Havering Council has admitted it has 88 families it hasn't moved into alternative homes, with another homeowner revealing his anger at the authority for not giving his property back.

The council is using properties spread across the borough to accommodate tenants but says there is a lack of other options available.

The Recorder recently reported on the case of pensioner Alan Pomfret, who said the council has refused for more than two years to give back two houses he had leased to the authority.

Now another family has come forward claiming they too have faced a similar situation.

Online tutor Paul Boulton claimed: ”The council is playing hot potato, passing it between them and getting nothing done.

“They are refusing to give it (our property) back.”

The council has admitted it has 88 families it is trying to find alternative homes for whilst meeting the demand for housing homeless families.

The Boultons, from Rise Park in Romford, originally bought a house in Archway, Harold Hill, partly from the money they had been left from a deceased family member, believing it would be a safe investment.

They leased the property to Havering Council eight years ago.

Romford Recorder: Alan Pomfret also spoke out on the issueAlan Pomfret also spoke out on the issue (Image: James Weatherup)

The couple have two teenage children and thought any extra income earned from the property might fund the costs of university education and eventually help their children get on the property ladder.

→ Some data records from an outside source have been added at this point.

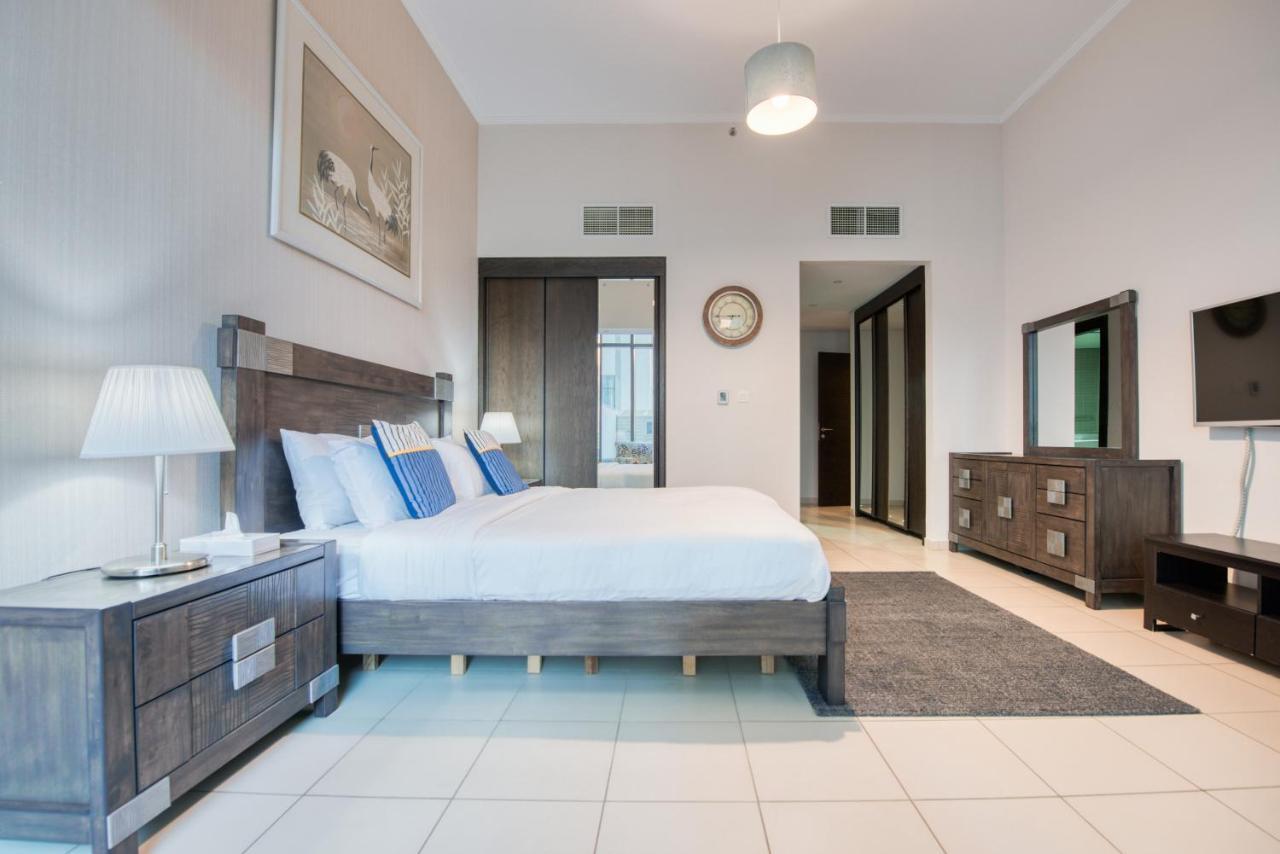 Maison Privee - Big, Bright, Luxury Marina Views Apt Next To Beach Dubai Exterior photo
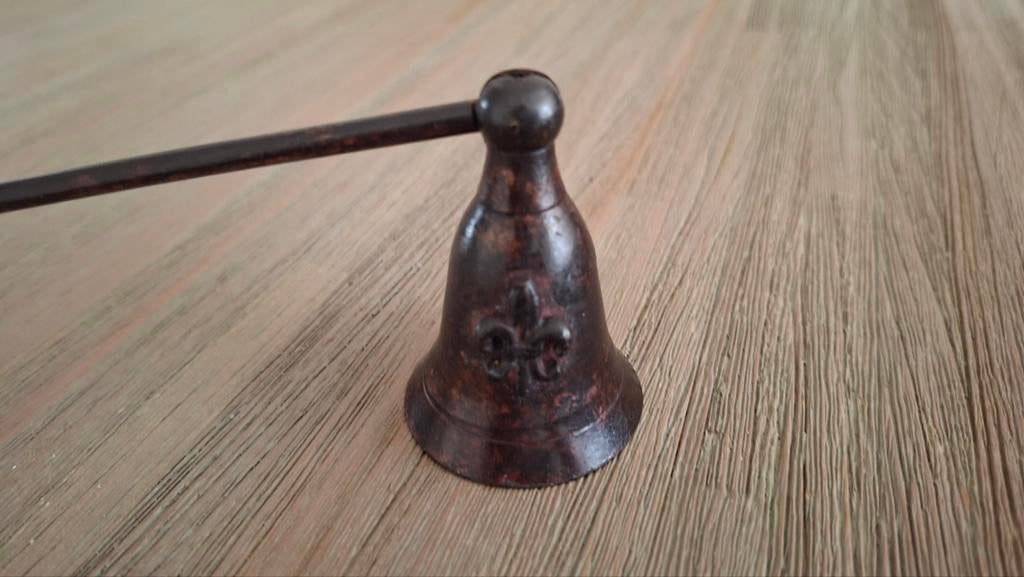 Kaarsendover., Ophalen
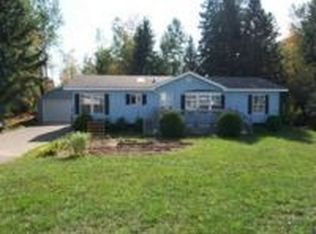 1735 Southwood Dr, Ishpeming, MI 49849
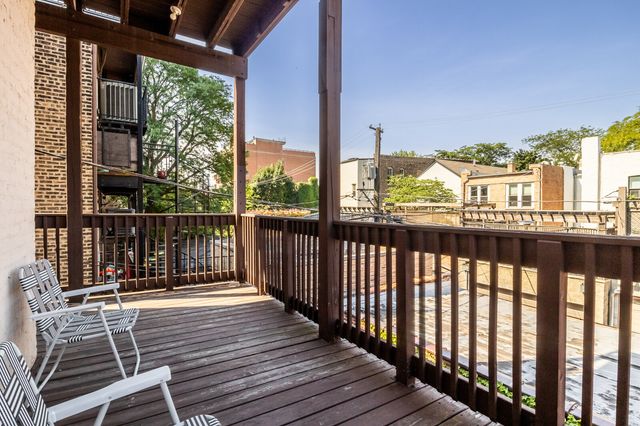 2034 N ORLEANS Street 2, Chicago, IL 60614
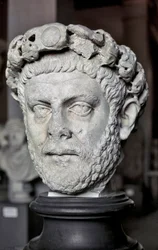 Römische Kunst: Büste Diokletians (Gaius Aurelius Valerius Diocletianus, 245-316), römischer Kaiser von 284 bis 305. Marmorskulptur. Istanbul, Archäologisches Museum.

But after a succession of interest rate hikes, they realised their dream investment was more like a millstone around their necks and needed to sell up.

Despite giving the council notice more than six months ago, they say they are no closer to getting their bricks and mortar back.

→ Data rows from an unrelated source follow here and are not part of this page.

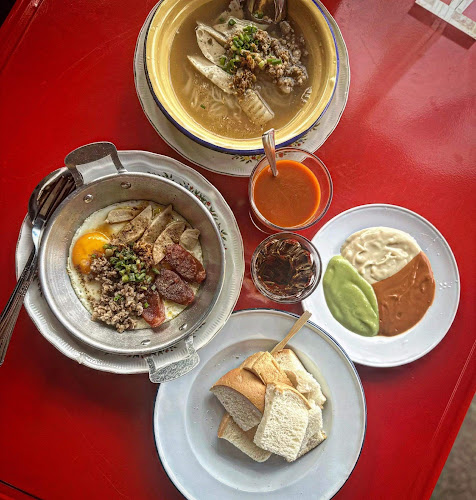 โต๊ะแดงอาหารเช้าสุโขทัย - เมือง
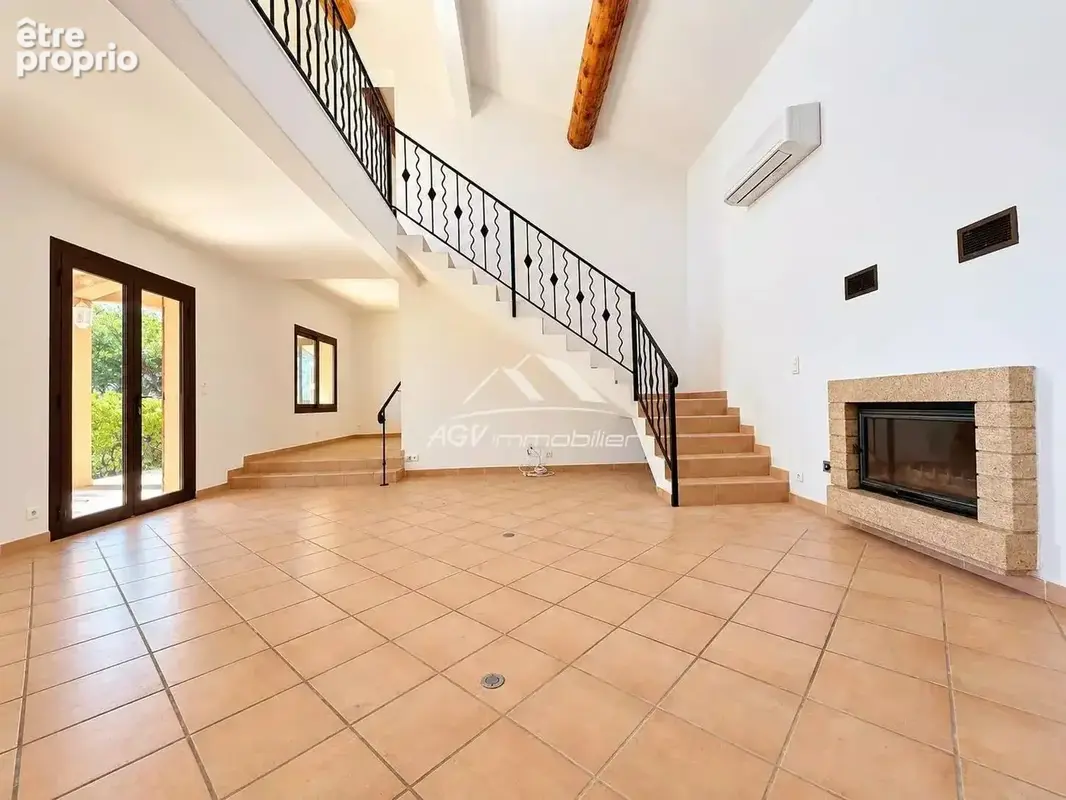 Propriété de 197 m² habitable sur environ 1600 m², vue imprénable - photo 4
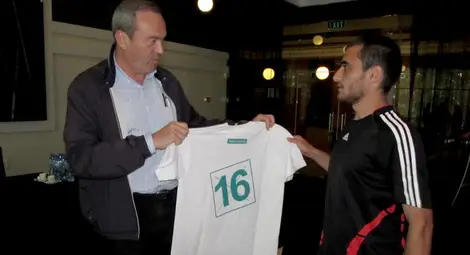 Папазов: Независимият евродепутат има свободата да задава неудобни въпроси Папазов: Независимият евродепутат има свободата да задава неудобни въпроси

Paul, 46, claimed the council is not abiding with an agreement which said they could get the house back if they gave three months notice.

He said: "They have been using it and putting tenants in it for the last eight years. But now we are getting the brush off. It’s causing us great stress and worry. It is affecting our mental health.

“We have a mortgage on the house and this is now costing us a lot of money.

"I fully understand there are tenants in the property, but it is up to the council to re-house them elsewhere and give us our property back.

“It is not like we are rich and have 100 properties on our books. This was meant to be a little nest egg for our children when they grow up but it has turned into a poisoned chalice."

In the case of Mr Pomfret, the council says it has now identified alternative accommodation for the tenants in both of his properties and are beginning the handover process.

A spokesperson for Havering Council said: ”As with Mr Pomfret's case, we fully sympathise with the situation the Boultons are in and we are working hard to secure alternative accommodation for the tenants.

"We will continue to work with them and the tenants at his property to reach a satisfactory outcome for all involved as quickly as possible."

They claimed that the backlog of families it is trying to find alternative homes for is a problem being experienced by many other councils.

It says it is due to a lack of temporary accommodation, with the spokesperson adding: "We are working to develop more properties urgently needed with our joint venture programme with Wates, with schemes such as New Green and Park Rise already available."

The authority is also working with council-owned housing firm Mercury Land Holdings to provide more 'affordable' council properties for residents.

"In short, the hike in mortgage rates brought about by central government policies is influencing private owners deciding to leave the private sector leasing scheme which adds further pressure to the housing crisis, where demand for homes is far outstripping the current supply across the UK."